Challenges in areas ranging from education to the environment, gender to governance, health to housing don’t exist in a vacuum. Each month, Abt experts from two disciplines explore ideas for tackling these challenges in our monthly podcast, The Intersect. Sign up for monthly e-mail notifications here. Catch up with previous episodes here.
On a day-to-day basis, vulnerable populations suffer from inequities in health, wealth, and education. These same people are then disproportionately impacted by catastrophes ranging from hurricanes to COVID-19, which only serve to underline the great and urgent need for equity across race, gender, and income. In this episode of The Intersect, Madeline Colety and Lorine Giangola discuss how Abt’s housing and resilience work is helping clients promote equity.

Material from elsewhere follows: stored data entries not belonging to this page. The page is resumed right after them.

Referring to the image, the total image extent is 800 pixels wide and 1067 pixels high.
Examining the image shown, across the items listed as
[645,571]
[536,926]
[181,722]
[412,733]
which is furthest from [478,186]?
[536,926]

For more on this topic, listen to:
- Episode 17: Turning the Tide—Systemic Racial Inequities and the Social Determinants of Health
- Episode 3: Silo Busting—Integrating Climate Adaptation and Food Security
- Episode 1: How Can We Improve Housing Resilience in the Face of Climate Change?
Read the Transcript
Eric Tischler: Hi and welcome to The Intersect; I'm Eric Tischler. Abt Associates tackles complex challenges around the world, ranging from improving health and education to assessing the impact of environmental changes. For any given problem, we bring multiple perspectives to the table. We thought it would be enlightening—and maybe even fun—to pair up colleagues from different disciplines, so they can share their ideas and perhaps spark new thinking about how we solve these challenges.
Today, I'm joined by two of those colleagues. This is Lorine Giangola's second visit to The Intersect. She manages the international and U.S.-based projects that provide technical support to governments, Native American tribes, and communities for natural resources, restoration management and climate change adaptation planning, and financing. She leads Abt's cross cutting resilience initiative.

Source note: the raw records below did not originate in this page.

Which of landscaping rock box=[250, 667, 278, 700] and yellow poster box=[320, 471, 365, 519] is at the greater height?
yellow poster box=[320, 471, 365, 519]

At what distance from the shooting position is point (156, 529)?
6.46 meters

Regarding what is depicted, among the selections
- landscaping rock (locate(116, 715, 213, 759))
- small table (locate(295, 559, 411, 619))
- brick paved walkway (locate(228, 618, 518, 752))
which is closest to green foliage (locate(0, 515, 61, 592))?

Madeline Colety is an expert on housing, community development, and general planning. Her extensive work experience includes managing disaster recovery projects for housing planning and housing needs assessments. Welcome!
Madeline Colety: Thank you, Eric.
Lorine Giangola: Thanks for hosting us, Eric.
Eric: Today, we're going to talk about resilience and equity for traditionally vulnerable populations, how we can ensure there's equity in resilience planning and how, moving forward, we can promote equity through policies and activities intended to build resilience. Now, I just used “resilience” three times in that last sentence so, Lorine—to paraphrase Raymond Carver—what are we talking about when we talk about resilience?
Lorine: Well, Eric, resilience is the capacity to recover from an impact. And that concept is probably most concrete and tangible in the context of natural or human-caused disasters. For example, governments, communities, and individuals prepare for disasters by implementing measures to reduce the severity of disaster impacts and limit the scope of recovery. Then, after a disaster, we try to rebuild communities in a way that makes us better able to withstand and recover from future disasters. So, in other words, we increase our resilience to disasters by taking measures, to reduce the severity of impacts and then building back better.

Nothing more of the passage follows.